Task prompt:
Make a verbatim copy of the entries below; pictures stay out.

[Data excerpts]
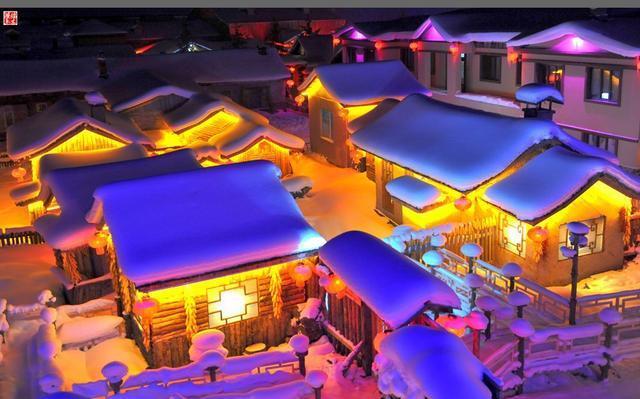 梦幻雪乡:童话般的冰雪世界,猪肉炖粉条、小鸡炖蘑菇一个也不少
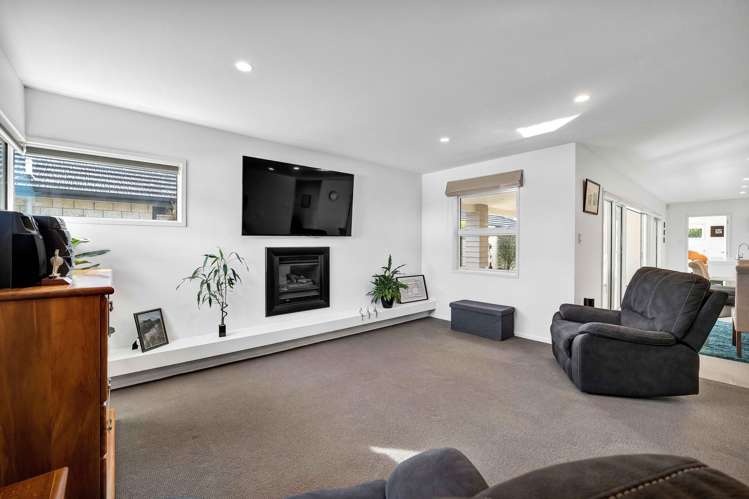 16 Egmont Street Patea_8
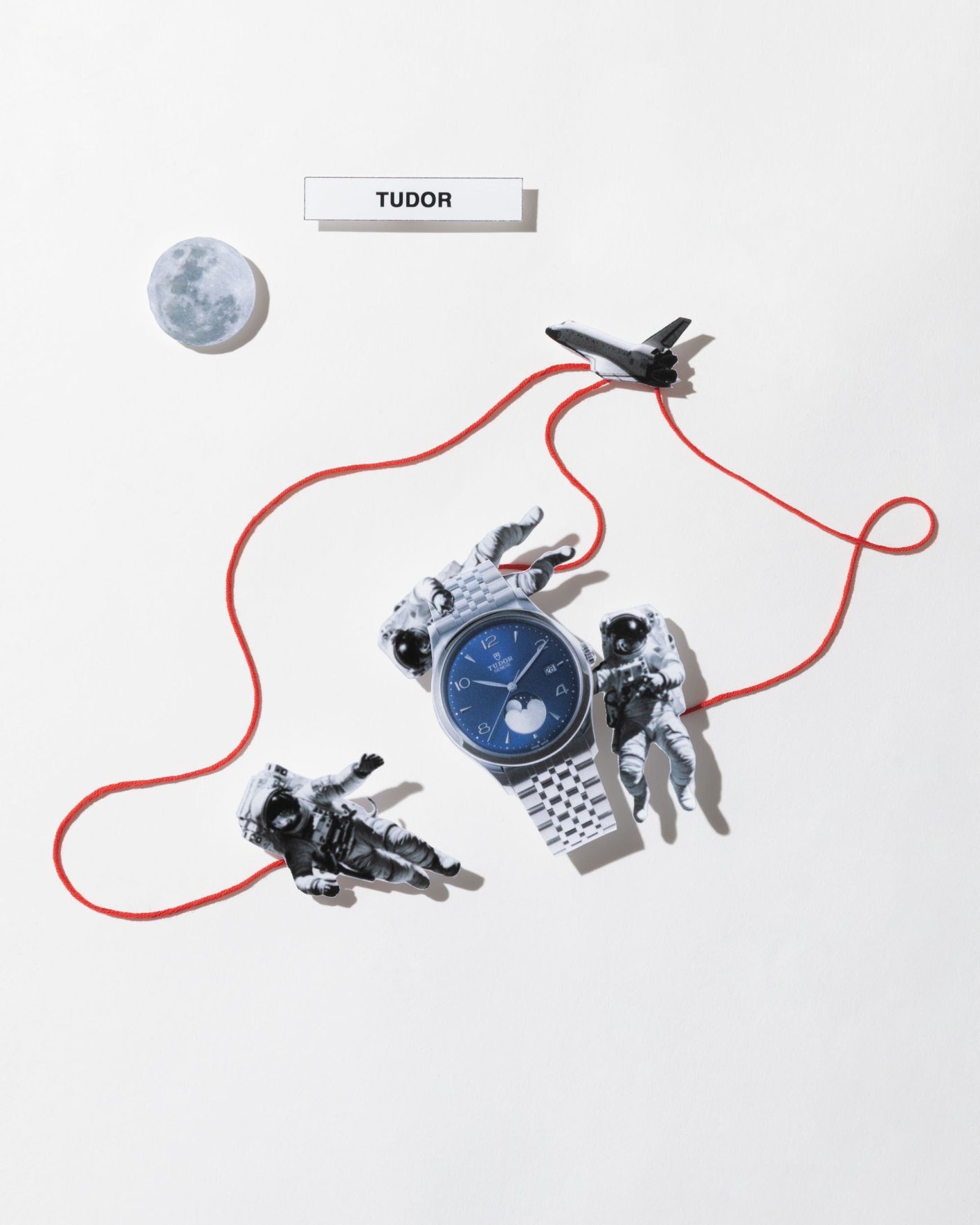 〈チューダー 1926 ルナ〉は、月の満ち欠けを示す複雑機構であるムーンフェイズ機能をブランドとして初めて搭載した新モデル。6時位置にセットされた大きな窓は壮麗な月の動きを回転ディスクで表現している。ケース径39mm、⾃動巻き、SSケース&amp;ブレスレット、10気圧防水。¥380,600（チューダー | 日本ロレックス/チューダー）
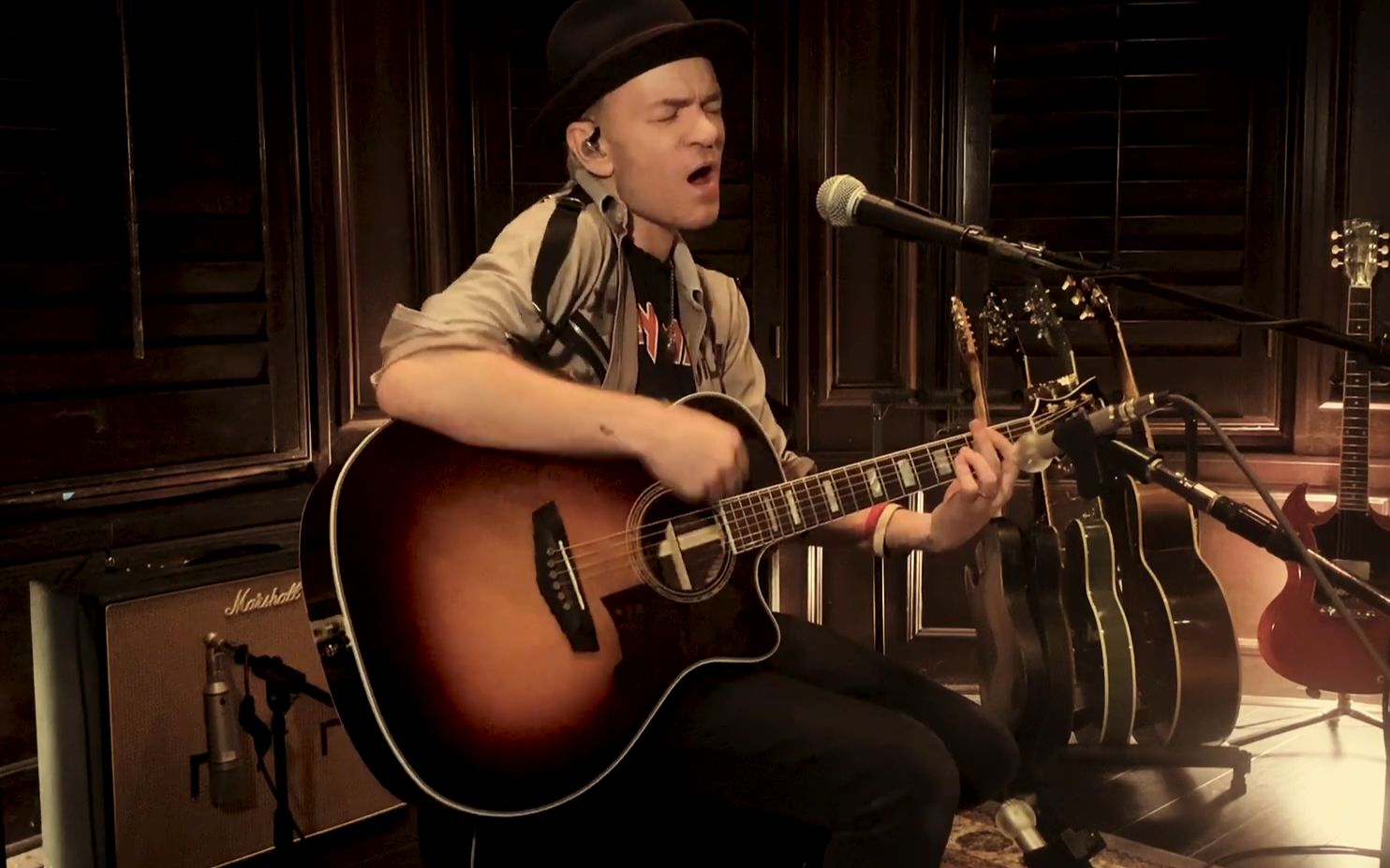 [图]Sum 41 Still Waiting Acoustic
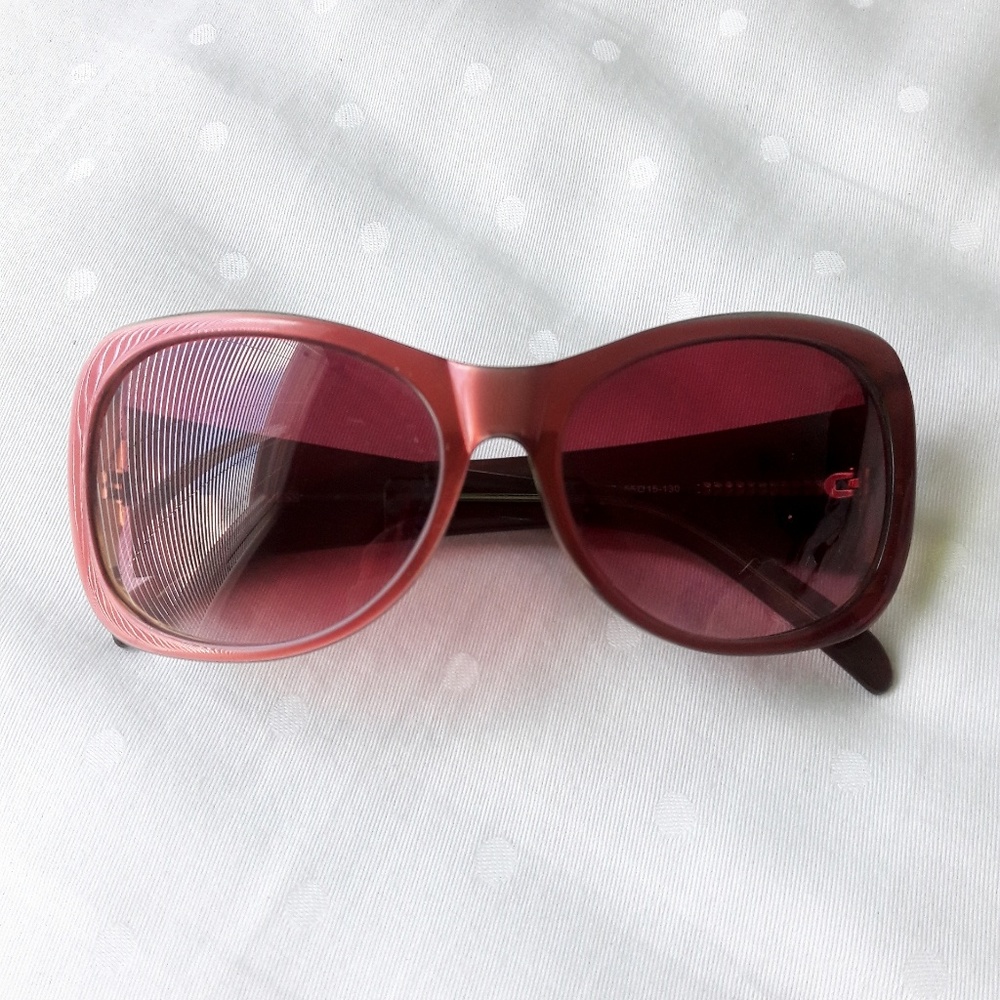 Vintage Y2K Guess Sunglasses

Exercise result:
 梦幻雪乡:童话般的冰雪世界,猪肉炖粉条、小鸡炖蘑菇一个也不少
 16 Egmont Street Patea_8
 〈チューダー 1926 ルナ〉は、月の満ち欠けを示す複雑機構であるムーンフェイズ機能をブランドとして初めて搭載した新モデル。6時位置にセットされた大きな窓は壮麗な月の動きを回転ディスクで表現している。ケース径39mm、⾃動巻き、SSケース&amp;ブレスレット、10気圧防水。¥380,600（チューダー | 日本ロレックス/チューダー）
 [图]Sum 41 Still Waiting Acoustic
 Vintage Y2K Guess Sunglasses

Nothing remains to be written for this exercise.